Actually, a lot of people who just “use” the Oracle database as a store of information sort-of think this is how an index always works. It efficiently identifies the rows that you want and that is the end of it. If the index is on the value(s) you are looking up rows for (say LAST_NAME, FIRST_NAME, DATE_OF_BIRTH) the index is ideal and that is as good as it gets.

Fig 2 – a more usual, less efficient index range scan

But in reality, the index lookup is often far less efficient than this and is more like fig 2. Working down the index structure to get all of the required index entries is exactly the same, but the rows you want are scattered all over the table. Oracle has to fetch many table blocks to get your data, maybe as many blocks as there records to be found. This is far from efficient.

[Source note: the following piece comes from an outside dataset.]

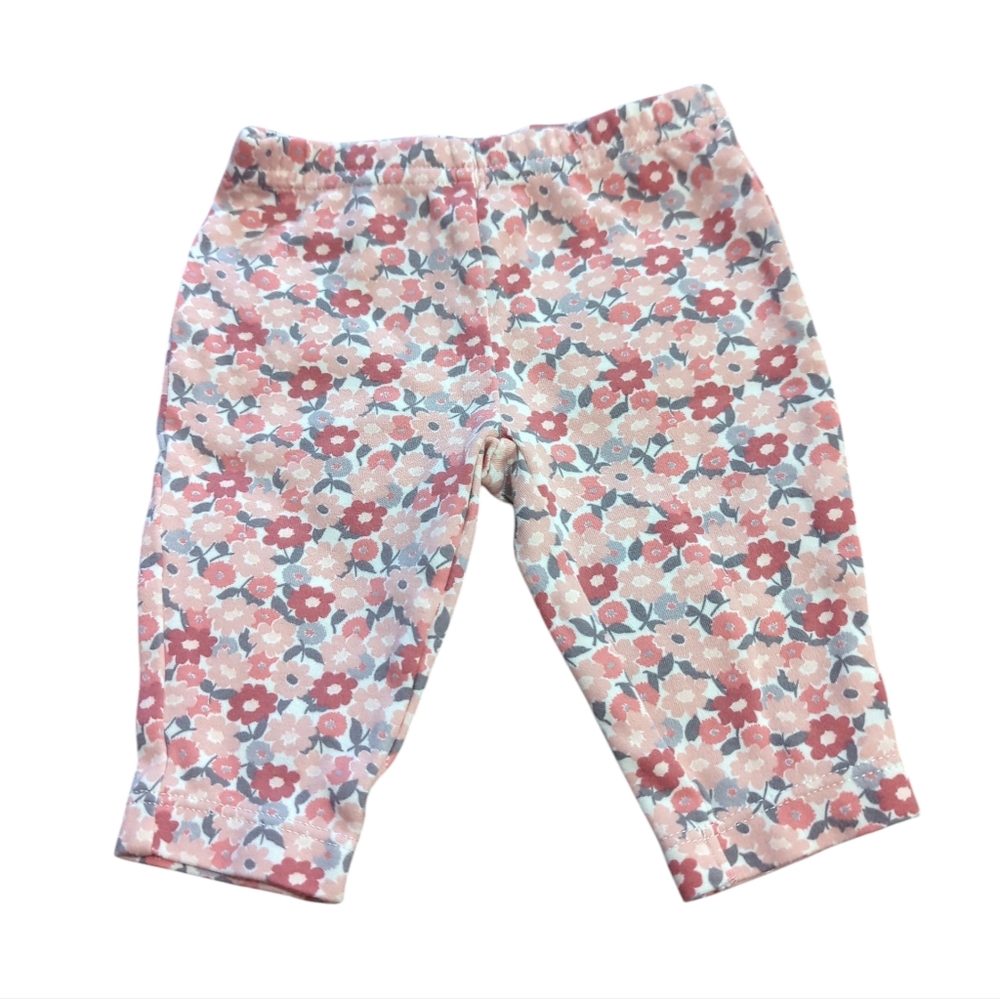Child Of Mine Made By Carter's Floral Baby Bottoms Size 0-3 Months.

So what can you do about this? You already have the “perfect” index, on LAST_NAME, FIRST_NAME, DATE_OF_BIRTH, the values you are looking up. Maybe you could add another column to the index to avoid those situations where there are many people with the same name and date of birth. But you may not have that extra information or it is simply not possible to identify the values in the table any more accurately, you really do need all the rows scattered though that table for the given search key.

There are “architectural” things you can do such as create the table as an Index Organised Table (see my little set of blogs about them starting here). You can also use various methods to group the relevant rows together in the table. But all of those methods are Big Impact. You need to recreate the table or plan for this eventuality up-front when you design the system.

But there is a very specific, easy thing you can do to address this particular problem, for the SQL statement you need to speed up. You can add all the columns your query needs into the index. This is an Overloaded Index.

An Overloaded Index holds not only the table columns in the WHERE clause but all the columns needed from that table for the query.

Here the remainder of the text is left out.